Foto: Reuters / Maxim Zmeyev

Kinderüberraschung im Kreml: Am Wochenende häuften sich die Gerüchte über eine Versetzung des Ex-Premiers Sergej Kirijenko auf den Posten des Vizechefs der Präsidialverwaltung. Die auf den ersten Blick unscheinbar anmutende Stelle ist ein Schlüsselposten, formuliert deren Inhaber doch die Akzente der russischen Innenpolitik und entscheidet wichtige Kaderfragen. Kirijenko auf dem Posten wäre eine Überraschung. Aber das war schon seine Ernennung zum Premier.

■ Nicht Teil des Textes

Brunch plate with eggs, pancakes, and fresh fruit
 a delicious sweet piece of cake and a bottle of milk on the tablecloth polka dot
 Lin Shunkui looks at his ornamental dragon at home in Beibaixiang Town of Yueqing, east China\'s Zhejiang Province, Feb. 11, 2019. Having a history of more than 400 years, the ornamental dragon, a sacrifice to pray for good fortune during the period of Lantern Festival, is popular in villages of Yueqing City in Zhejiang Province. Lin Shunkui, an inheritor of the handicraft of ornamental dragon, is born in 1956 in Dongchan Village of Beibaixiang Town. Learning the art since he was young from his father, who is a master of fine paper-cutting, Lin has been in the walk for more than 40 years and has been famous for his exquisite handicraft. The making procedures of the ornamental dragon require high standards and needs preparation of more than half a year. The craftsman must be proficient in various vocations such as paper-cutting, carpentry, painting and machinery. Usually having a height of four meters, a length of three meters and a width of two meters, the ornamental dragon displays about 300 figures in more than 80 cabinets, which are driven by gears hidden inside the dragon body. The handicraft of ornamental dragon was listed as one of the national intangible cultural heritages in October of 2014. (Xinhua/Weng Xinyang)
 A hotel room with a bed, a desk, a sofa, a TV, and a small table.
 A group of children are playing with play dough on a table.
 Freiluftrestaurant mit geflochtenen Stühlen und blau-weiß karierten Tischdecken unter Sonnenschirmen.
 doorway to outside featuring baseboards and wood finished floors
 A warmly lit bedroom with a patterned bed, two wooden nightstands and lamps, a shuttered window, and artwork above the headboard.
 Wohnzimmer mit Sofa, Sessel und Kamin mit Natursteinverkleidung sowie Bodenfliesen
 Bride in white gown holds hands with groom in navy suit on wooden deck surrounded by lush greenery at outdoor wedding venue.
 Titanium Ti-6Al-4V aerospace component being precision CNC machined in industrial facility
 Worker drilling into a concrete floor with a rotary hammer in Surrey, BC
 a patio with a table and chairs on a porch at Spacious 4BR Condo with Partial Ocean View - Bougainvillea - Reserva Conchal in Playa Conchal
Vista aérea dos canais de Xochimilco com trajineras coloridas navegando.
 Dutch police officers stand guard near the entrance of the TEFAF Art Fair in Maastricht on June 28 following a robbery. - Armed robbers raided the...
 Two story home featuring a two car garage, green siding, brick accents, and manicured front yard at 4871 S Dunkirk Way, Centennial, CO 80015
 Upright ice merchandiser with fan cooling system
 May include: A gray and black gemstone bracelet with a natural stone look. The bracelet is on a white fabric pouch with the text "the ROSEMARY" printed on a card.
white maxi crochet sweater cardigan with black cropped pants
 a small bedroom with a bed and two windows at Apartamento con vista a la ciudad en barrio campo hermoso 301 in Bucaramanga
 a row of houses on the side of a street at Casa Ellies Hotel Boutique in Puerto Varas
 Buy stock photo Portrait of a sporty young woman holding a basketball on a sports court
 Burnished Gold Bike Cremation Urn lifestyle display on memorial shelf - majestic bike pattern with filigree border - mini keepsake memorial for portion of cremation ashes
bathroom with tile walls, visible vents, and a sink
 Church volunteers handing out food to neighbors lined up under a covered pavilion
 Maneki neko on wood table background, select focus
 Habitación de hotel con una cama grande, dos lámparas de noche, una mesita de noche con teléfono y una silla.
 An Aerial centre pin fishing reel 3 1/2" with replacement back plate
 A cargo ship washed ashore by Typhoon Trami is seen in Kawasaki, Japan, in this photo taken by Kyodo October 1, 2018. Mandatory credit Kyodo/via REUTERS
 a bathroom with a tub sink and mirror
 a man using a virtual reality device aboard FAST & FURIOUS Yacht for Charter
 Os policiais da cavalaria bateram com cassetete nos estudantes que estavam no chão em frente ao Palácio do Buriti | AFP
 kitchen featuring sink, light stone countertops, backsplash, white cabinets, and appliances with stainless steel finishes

Damals, 1998, war er gerade einmal 35 – der jüngste Ministerpräsident in der Geschichte Russlands – und einer der unglücklichsten: Kurz nach seinem Amtsantritt wurde das Land vom Staatsbankrott heimgesucht, und Kirijenko hatte einen neuen Spitznamen: "Kinderüberraschung".

Alles "reine Spekulation"

Inzwischen ist er 54 und dem Kinderalter endgültig entwachsen. Aus dem liberalen Politiker ist der effiziente Manager eines Staatsunternehmens geworden. Als Chef der russischen Atombehörde derzeit in Wien weilend, nannte er Berichte über seine Versetzung "reine Spekulation".

Doch ganz ähnliche Spekulationen über seinen möglichen Vorgänger Wjatscheslaw Wolodin hatten sich schließlich als wahr erwiesen. Dieser wird Chef der neuen Duma. Ob die Versetzung für den 52-Jährigen eine Beförderung oder Degradierung bedeutet, daran scheiden sich, wie oft in Putins Russland, die Geister. Der Politologe Alexander Morosow spricht von Herabsetzung. Wolodin habe trotz einer erfolgreichen Wahlkampagne seinen Hut im Kreml nehmen müssen, weil er keinem der Clans um das mächtige Viereck Igor Setschin (Rosneft-Chef), Viktor Tschemesow (Rostech-Chef), Sergej Schoigu (Verteidigungsminister) oder Premier Dmitri Medwedew angehöre.

Der Ökonom Wladislaw Inosemzew sieht in Wolodins Berufung eine Bewährungsprobe und bescheinigt ihm den Status als Nachfolgekandidat Putins.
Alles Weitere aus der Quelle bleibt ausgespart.